Des promesses patronales qui n’engagent que ceux qui les croient. L’accord prévoit un recrutement de 20 % d’ingénieurs conseils pour les Carsat. Or ce sont bien les lois de financement imposées par l’État aux caisses de Sécurité sociale et non des accords interprofessionnels qui déterminent les moyens octroyés aux Carsat. D’ailleurs, pour les années 2023-2027 le gouvernement prévoit des suppressions de postes dans la majorité des branches de la Sécurité sociale notamment au sein de l’assurance-maladie où 1750 suppressions sont déjà prévues.
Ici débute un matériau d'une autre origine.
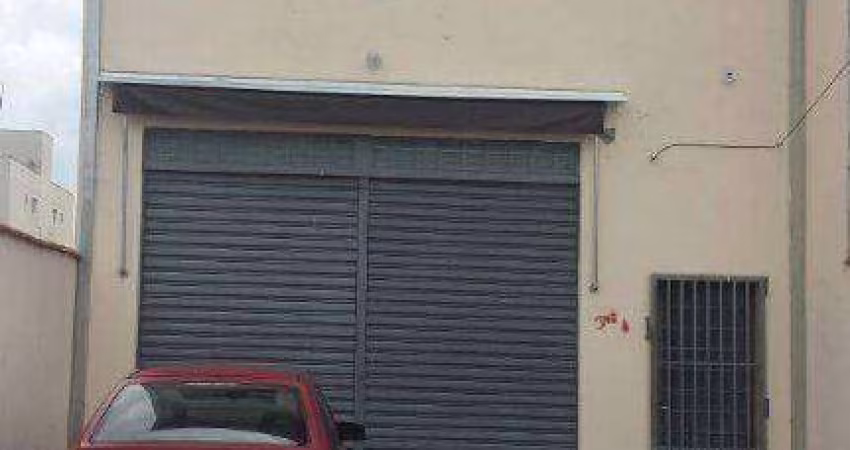 Casa Comercial à venda no Residencial Bosque dos Ipês com 180m²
Il n’est donc pas impossible que cette dimension de l’ANI ne soit pas retranscrite par le gouvernement dans la loi qui devra modifier le code de la Sécurité sociale et les moyens budgétaires consacrés.

Le caractère de classe du syndicalisme prôné par la CGT découle de ce qu’elle fait, en lien avec ses positions et les éléments de connaissance à sa disposition propres à une situation. La CGT détermine en toutes circonstances où sont les intérêts de classe des travailleurs et des travailleuses et agit en conséquence. Si on peut ainsi légitiment douter que cet accord signé aille dans le sens du 100 % Sécu défendu dans nos repères revendicatifs confédéraux, puisqu’il fragilise à terme son financement, la CGT n’aurait pas dû apporter sa signature à cette accord qui entérine une régression et en annonce de nouvelles.